Let’s talk about that this week.
Better together vs. lock-in
Let’s start by differentiating what Apple does.
Better Together provides an incentive to buy everything from the same vendor in order to get a better experience but doesn’t cripple your experience if you work with another vendor’s product.
Lock-in prevents a product from working with another vendor’s offering by crippling it or, in Apple’s current case, by simply not working with any product from another vendor.
The two approaches are different in terms of focus, as well. Lock-in is designed to isolate the customer so that the customer incurs an excessive switching cost should they find another product they like better. It limits their choices so that the vendor can get more of that customer’s money. The big downside to this from the vendor’s standpoint is that if the customer gets pissed and switches, they’ll abandon everything they buy from that vendor and likely, due to the pain of switching, never come back. IBM, which pioneered this approach, no longer uses it because it abused customers, which almost put IBM out of business in the early 1990s.
Better together is harder to implement properly because it requires the division doing the accessories to put in capability that will work only with the vendor’s offering. This often means that when the product feature doesn’t work on another vendor’s product, the customer will complain about the reduced functionality.
How HP is creating a better “Better Together”
With Bluetooth devices, you often have to install a dongle to get advanced features to work.

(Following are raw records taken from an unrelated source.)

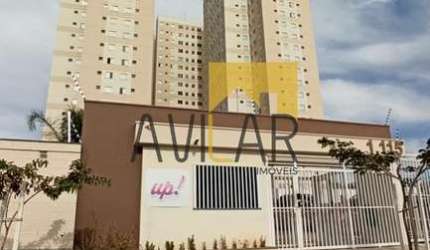 Apartamento à venda em Campinas-SP, no Jardim do Lago Continuação: 2 quartos, 1 sala, 1 banheiro, 1 vaga de garagem, 50m² de área.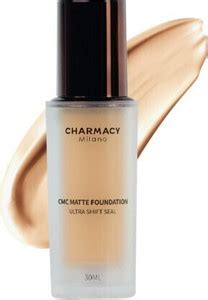 charmacy milano Shade 07 Foundation - Price in India, Buy charmacy ...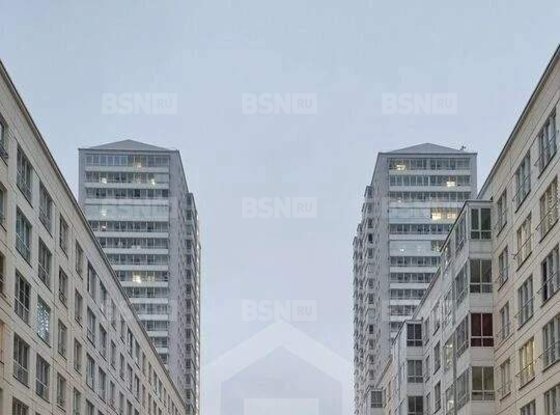Продажа однокомнатной квартиры - Суздальское шоссе, д.24, корп.3 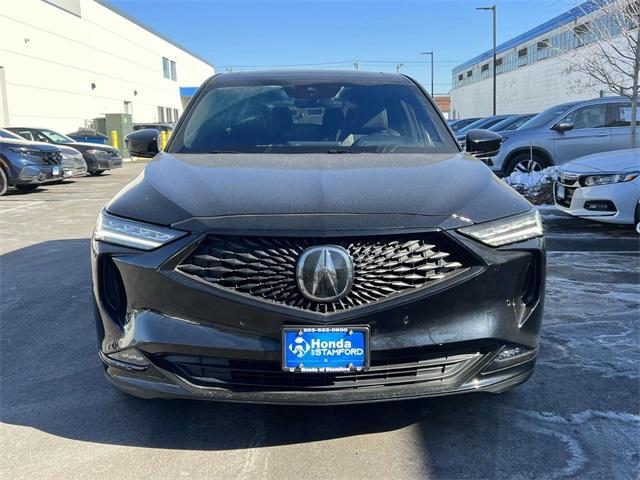 used 2023 Acura MDX car, priced at $41,500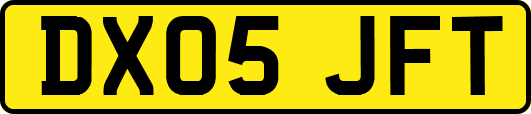 DX05JFT
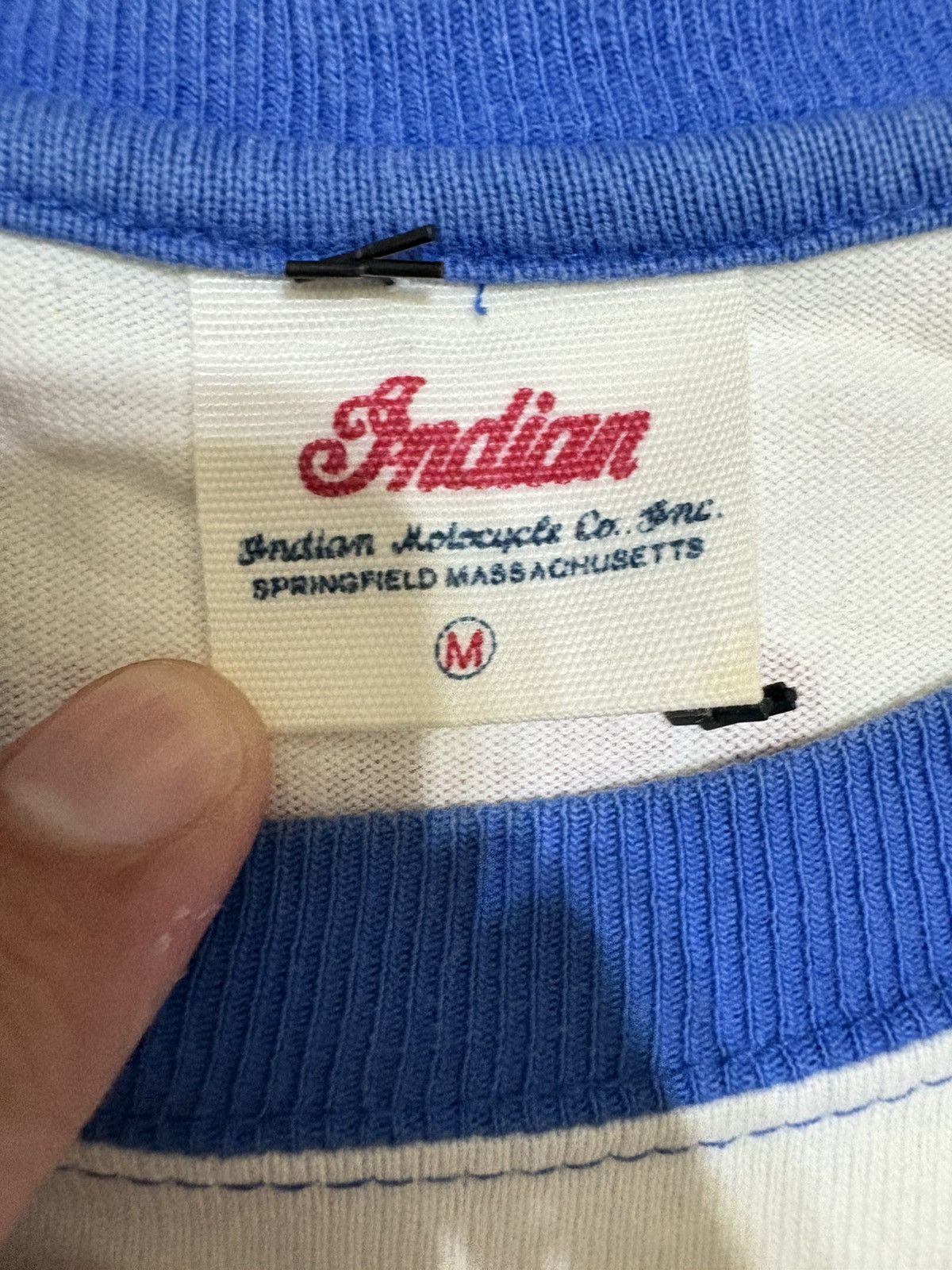 Indian Motorcycle Indian motorcycle Size US M / EU 48-50 / 2 - 3 Thumbnail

With headphones, which is where HP is starting on both the HyperX and Poly sides, this means that the dongle enables advanced features not available in a typical PC, like 3D sound and noise cancellation. But everyone loses those damn dongles, which means those functions, which may have been why you bought the headset in the first place, don’t work.
So rather than the typical modification of the peripheral, in this case, the headset, HP modifies its laptops so they don’t need a dongle, and you can pair by simply tapping the device to the laptop.

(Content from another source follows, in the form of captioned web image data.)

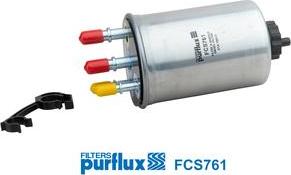 Purflux FCS761 - Polttoainesuodatin inparts.fi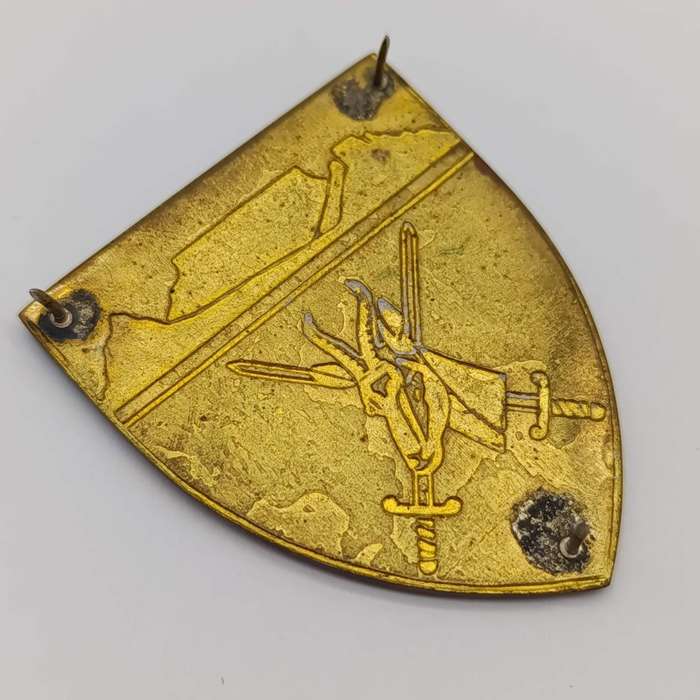 SADF Wetstern Province command shoulder flash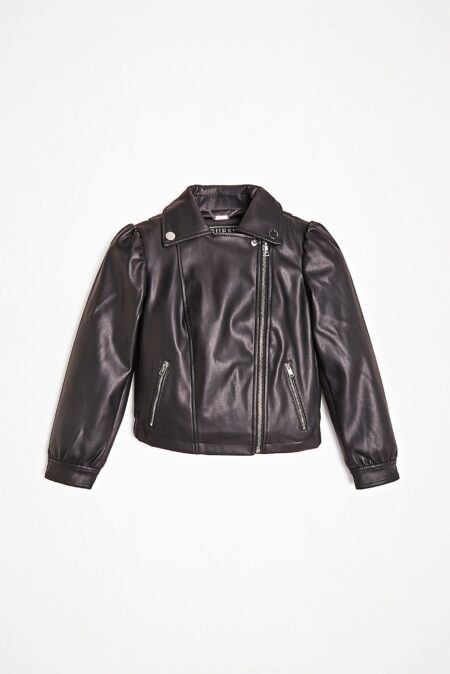 Guess Jacket Leather Girl J0YL00WAEI0_e-dshop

I think this is why this hasn’t worked in the past. Companies modified the wrong thing. Modifying the host device rather than the peripheral results in a more sustainable “better together” result.
Wrapping up
This is just the start of HP’s effort, but it signifies what I think is a sea change in terms of how to do better together right. It also provides a sharp contrast to Apple’s lock-in approach, which isn’t good for the user, or, using the IBM example, the company either. I test a lot of peripherals, and while I’m pretty good at pairing, I often have an issue with a headset that hasn’t been paired yet with my phone. I’m hoping one of the smartphone companies follows HP’s lead and creates a better “Better Together” as well.
HP is doing better together right and has set the bar for everyone else. Let’s hope everyone else is watching while we wait to see what Andy Rhodes’ team does next.